[[ SUPPLIED DATA open ]]

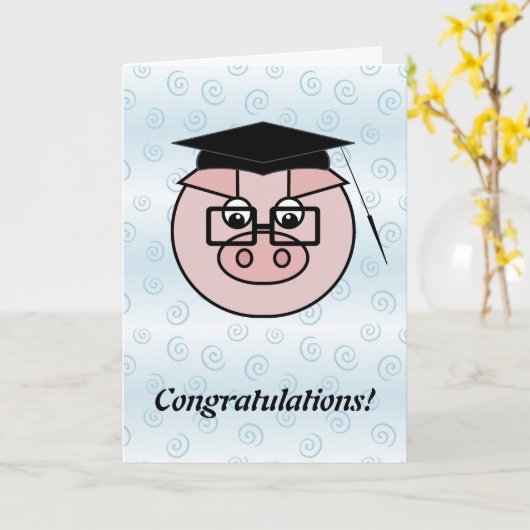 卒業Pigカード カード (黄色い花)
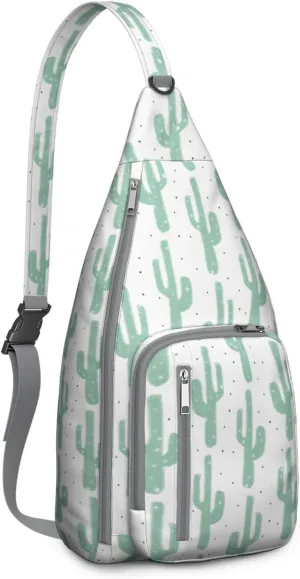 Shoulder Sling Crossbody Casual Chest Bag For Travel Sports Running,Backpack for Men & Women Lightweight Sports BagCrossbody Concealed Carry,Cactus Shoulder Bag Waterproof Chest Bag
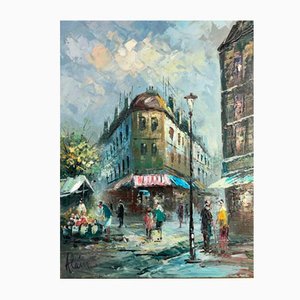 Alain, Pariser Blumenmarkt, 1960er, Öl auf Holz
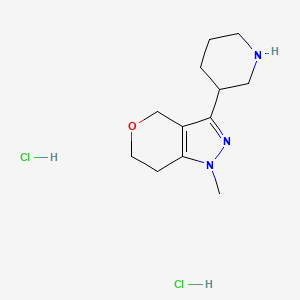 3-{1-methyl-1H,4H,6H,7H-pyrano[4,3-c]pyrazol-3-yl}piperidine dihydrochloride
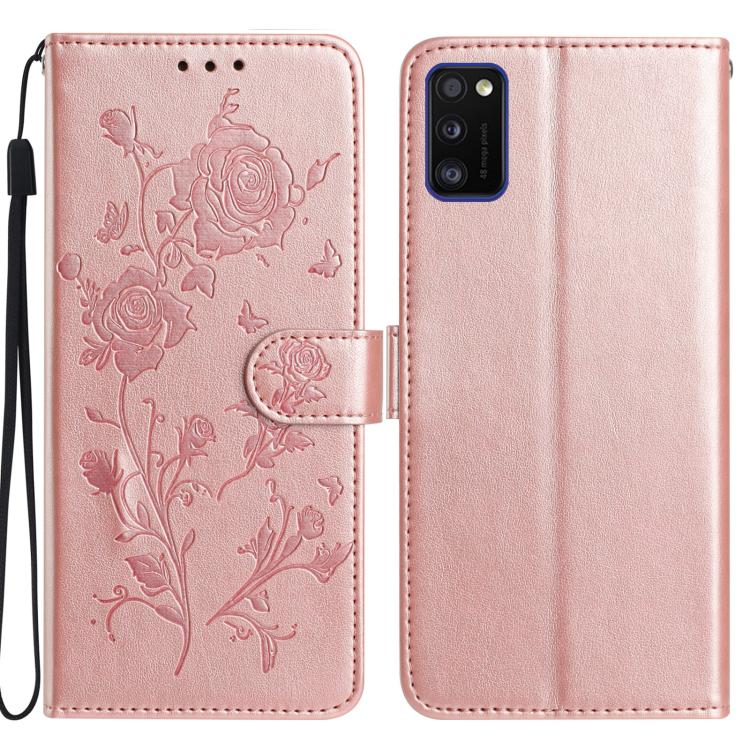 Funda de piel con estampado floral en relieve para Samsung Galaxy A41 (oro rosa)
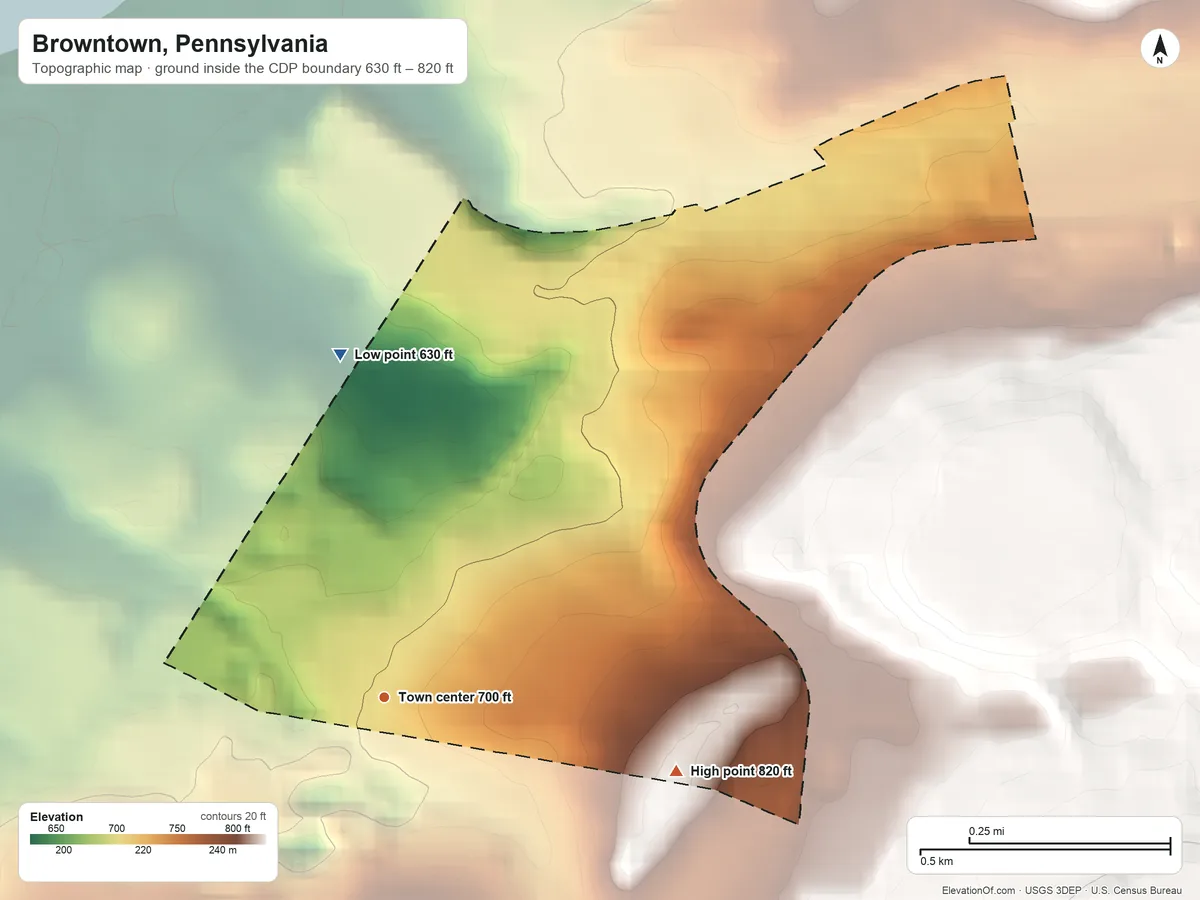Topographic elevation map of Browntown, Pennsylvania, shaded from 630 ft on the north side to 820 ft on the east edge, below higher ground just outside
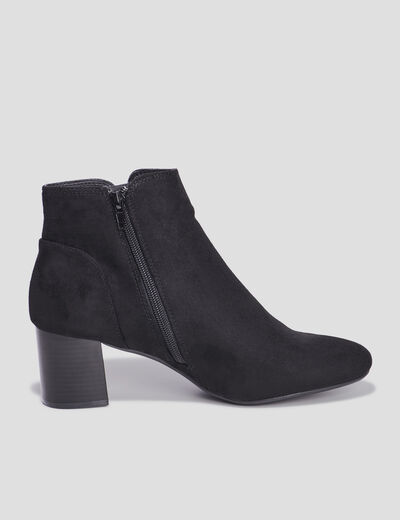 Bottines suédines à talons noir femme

[[ SUPPLIED DATA closed ]]
[[ SUPPLIED DATA open ]]

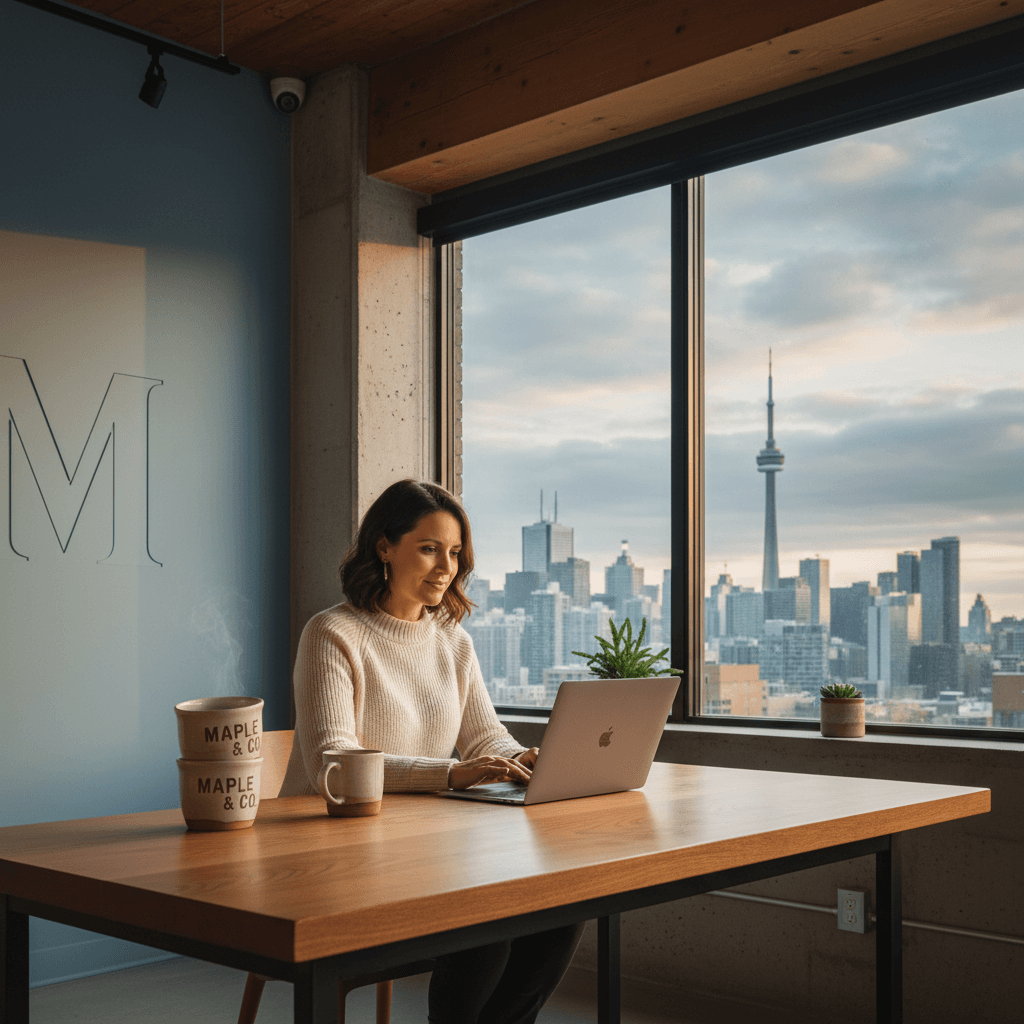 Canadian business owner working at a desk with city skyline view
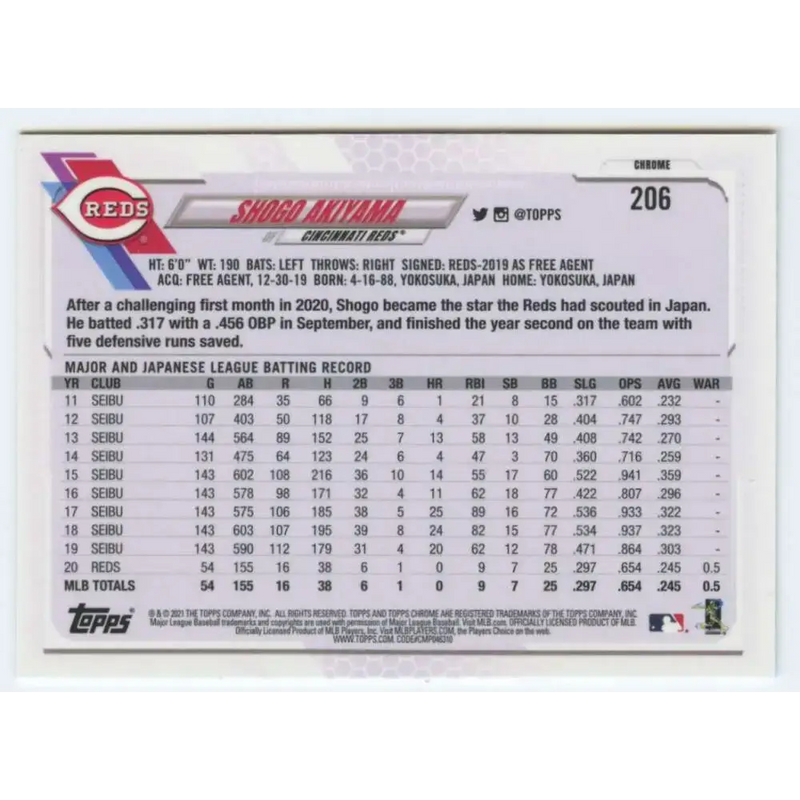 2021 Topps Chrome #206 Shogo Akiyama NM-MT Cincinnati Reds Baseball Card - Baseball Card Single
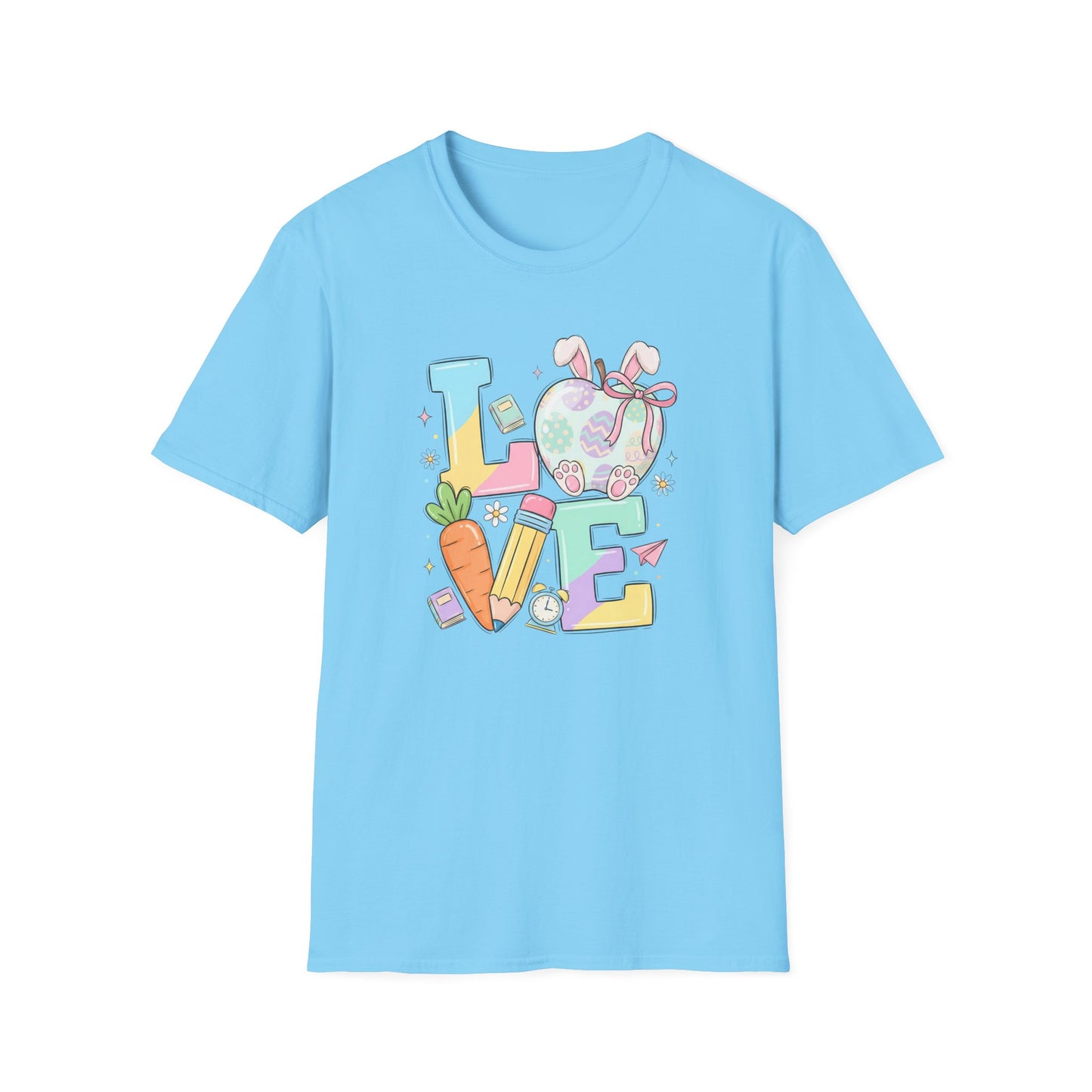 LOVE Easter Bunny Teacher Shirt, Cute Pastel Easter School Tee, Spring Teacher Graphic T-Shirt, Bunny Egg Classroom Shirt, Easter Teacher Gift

[[ SUPPLIED DATA closed ]]

• WHAT TO WORK ON:
Above, find the line with "Funda de piel"; copy it and every line down to the line with "Bottines suédines à talons noir femme", exactly and both included, but no pictures.

• EXERCISE SOLUTION:
 Funda de piel con estampado floral en relieve para Samsung Galaxy A41 (oro rosa)
Topographic elevation map of Browntown, Pennsylvania, shaded from 630 ft on the north side to 820 ft on the east edge, below higher ground just outside
 Bottines suédines à talons noir femme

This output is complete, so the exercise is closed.